Day Traders Diary


The S&P 500 ended today's quiet session modestly lower with eight of ten sectors settling in the red.

Stocks slipped out of the gate after better-than-expected economic data from China and Great Britain was unable to spark an early bid. In China, the Non-Manufacturing PMI rose to 54.1 from 53.9 while Great Britain's Services PMI posted its best reading since 2006, rising to 60.2 from 56.9.

Equities climbed off their early lows before receiving an additional push following the release of the ISM Non-Manufacturing Index, which posted its best reading since February 2011. The index jumped to 56.0 from 52.2 as business activity and production levels spiked to 60.4 in July from 51.7 in June. Just like the manufacturing report, the jump in production came from a strong gain in new orders (57.7 from 50.8).

Although today's data provided stocks with a boost, the S&P never made it into the green as comments from Dallas Fed President Richard Fisher knocked the key indices off their highs. Mr. Fisher said the Fed's bond buying program may lay the groundwork for misallocation of resources and fuel future inflation. In addition, he said the market could expect a slowdown in asset purchases later in the year if the economy continues to "improve along the lines envisioned by the Committee."

These remarks caused the S&P to return to the middle of its range while the tech-heavy Nasdaq briefly slipped into the red before regaining its flat line during afternoon action. On a related note, the technology sector tacked on 0.2% as the largest sector component, Apple (AAPL 469.45, +6.91), rose 1.5% after an International Trade Commission ban on certain devices made by the company was overturned.

Outside of technology, only the consumer staples sector (+0.1%) managed to eke out an advance. Tyson Foods (TSN 29.69, +1.18) jumped 4.1% after beating on earnings and revenue.

While the outperformance of technology boosted the Nasdaq, the S&P was kept from turning positive as energy, industrials, and discretionary shares weighed.

The energy space shed 0.3% as crude oil endured a volatile session. The energy component was down as much as 1.1% at the open before trimming its loss to 0.4% at $106.49 per barrel.

Elsewhere, industrials lagged amid weakness in transportation companies. The Dow Jones Transportation Average lost 0.8% as 18 of 20 components ended in the red.

Lastly, broad weakness among home builders pressured the discretionary sector.

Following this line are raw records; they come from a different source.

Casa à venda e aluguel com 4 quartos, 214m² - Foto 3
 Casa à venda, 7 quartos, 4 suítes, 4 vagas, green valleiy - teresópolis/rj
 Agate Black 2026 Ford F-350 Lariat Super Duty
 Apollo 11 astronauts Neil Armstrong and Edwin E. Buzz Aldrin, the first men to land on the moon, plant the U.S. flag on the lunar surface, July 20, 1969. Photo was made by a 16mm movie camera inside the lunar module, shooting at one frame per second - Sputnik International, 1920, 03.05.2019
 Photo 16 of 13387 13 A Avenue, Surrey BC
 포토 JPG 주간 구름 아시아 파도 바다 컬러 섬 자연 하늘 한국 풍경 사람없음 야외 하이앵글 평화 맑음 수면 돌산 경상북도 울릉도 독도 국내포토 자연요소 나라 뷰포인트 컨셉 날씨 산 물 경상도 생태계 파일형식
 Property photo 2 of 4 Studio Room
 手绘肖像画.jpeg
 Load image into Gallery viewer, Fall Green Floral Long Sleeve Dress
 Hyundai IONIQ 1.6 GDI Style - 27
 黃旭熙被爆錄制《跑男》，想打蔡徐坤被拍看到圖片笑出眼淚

The iShares Dow Jones US Home Construction ETF (ITB 22.38, -0.33) lost 1.5%.

Similar to stocks, Treasuries spent the entire session near their lows. The benchmark 10-yr yield added four basis points to end at 2.65%.

As mentioned earlier, today's volume was well below average as only 533 million shares changed hands on the floor of the New York Stock Exchange. This represented the third lowest total of the year.

Tomorrow, the June trade balance will be reported at 8:30 ET. The U.S. Treasury will auction $32 billion in 3-yr notes.